Note: This is a repost from my FB Notes page. I mixed the discussion of punctuation marks with my Friday night out with co-editors Katt and Daphne. Sorry for the grammar lapses but I was drunk when I posted this. lol.
A slight inebriation is the period of the sentence that is this day, the longest Friday of my quarter life.
I had a hyphen to my tasks in the form of a morning book launch, that stretched itself needlessly into an em-dash because of Filipino time. Excellent speaker. Yummy cinnamon bread with caramel on top. And a gifted speaker and author to boot. But no sir, your book was too
My afternoon was filled with exclamation points of surprises, question marks from confusing statements and super special characters enough to drive anybody to jump off the office window and fly away to the MRT train.
They all poured out, just like a badly written printed manuscript better used as a wrapper for soiled napkins and baby poo. A barrage of new things was enough to move me to tears. I pause, and I digress. But I pretend as if I just needed to clean my eyes, succumbing to the occasional commas that we know as despair. Just a little comma here and there.
Yes, I fulfilled the en-dash that is the span of my time card. The range of time flew. The boss was ranting and talking and I was physically present while I swam in the vast ocean of distraction,
thankfully not a cause of my destruction.

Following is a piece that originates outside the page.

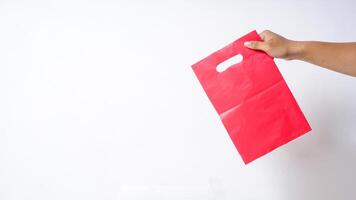 Hand Holding Red Pink Plastic Bag Mock Up on White Background photo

An ellipsis arrived when a doll painted my eyes and hid all the weariness in them with the thick black eye shadow.
I did not go home early. I went to a party where some people’s body parts are up for grabs and hot dates are for sale all in good harmless fun.

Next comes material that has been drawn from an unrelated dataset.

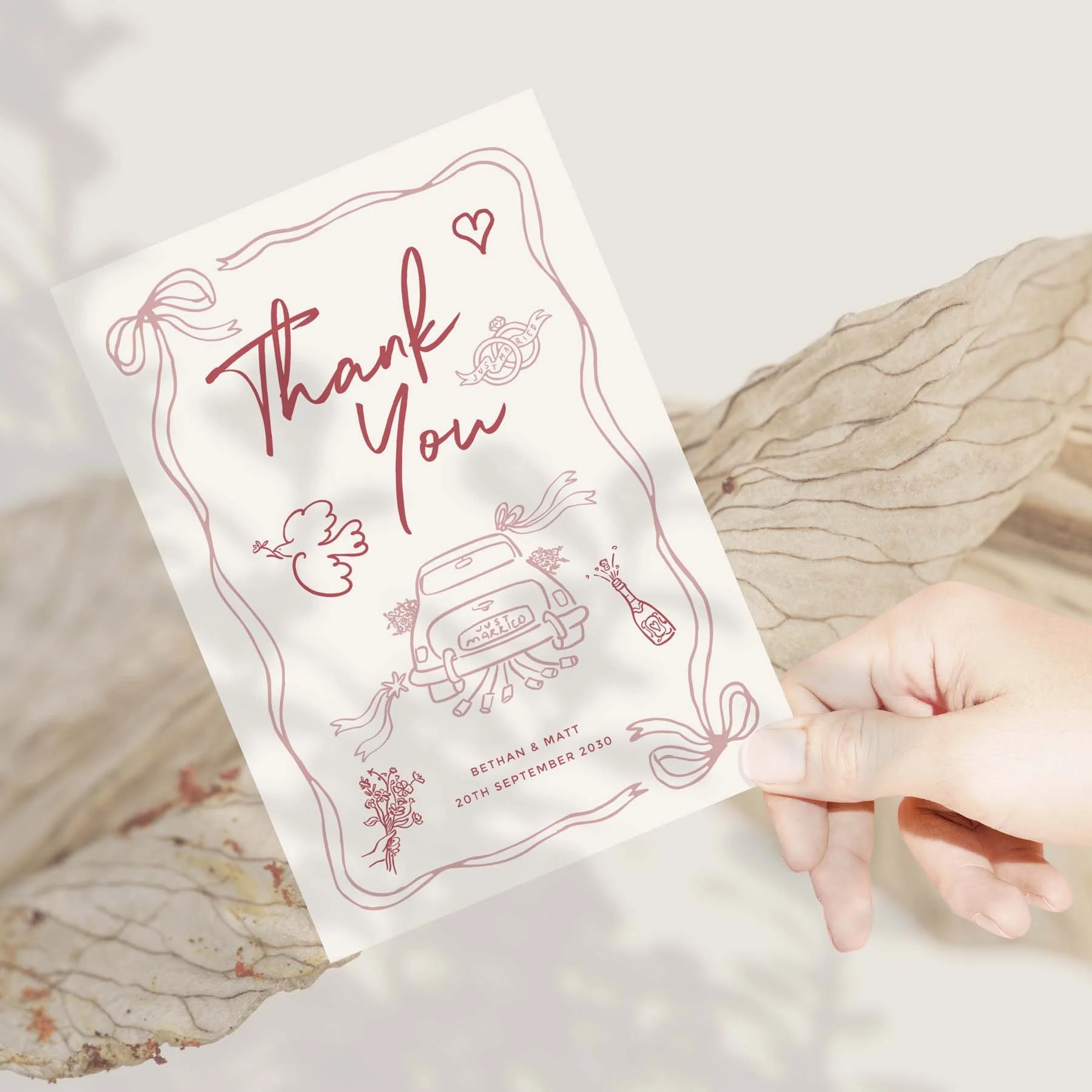 Hand holding a Pink Illustrations wedding thank you card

I drank that glass of I-don’t-remember-what-it’s-called. And it turned my cheeks into the color of a cooked lobster. Soon, I was dancing. Shak, shak, shak… Just like the rhythm or sound when I furiously type on my keyboard at 100wpm during daytime. But this time, everything was moving. No backaches, no staying in aquariums of my own making.

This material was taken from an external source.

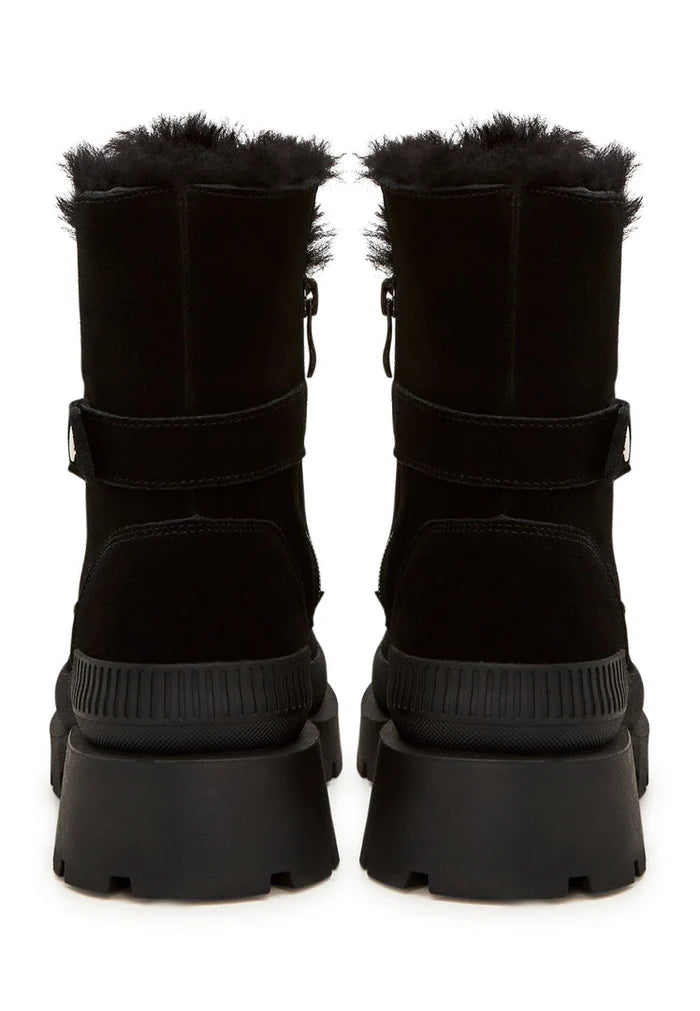 A pair of elegant black suede ankle boots, the perfect stylish and sophisticated footwear choice.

Just this one time, I go home late. Just this one time, I dance like there’s no tomorrow.
Just this one time, I challenge my introverted self.
And finally, I realized why many of my friends care to use inebriation as a period to end their week or day. It is to shut out the ceaseless exclamation points, question marks, commas and dashes. It makes the world spin and seem so dreamy and blurry at that same time. It makes
pain bearable, even though the periods are just quick fixes for single units of thoughts.
For me, one bottle was enough for today. Inebriated is the period to a very long life sentence.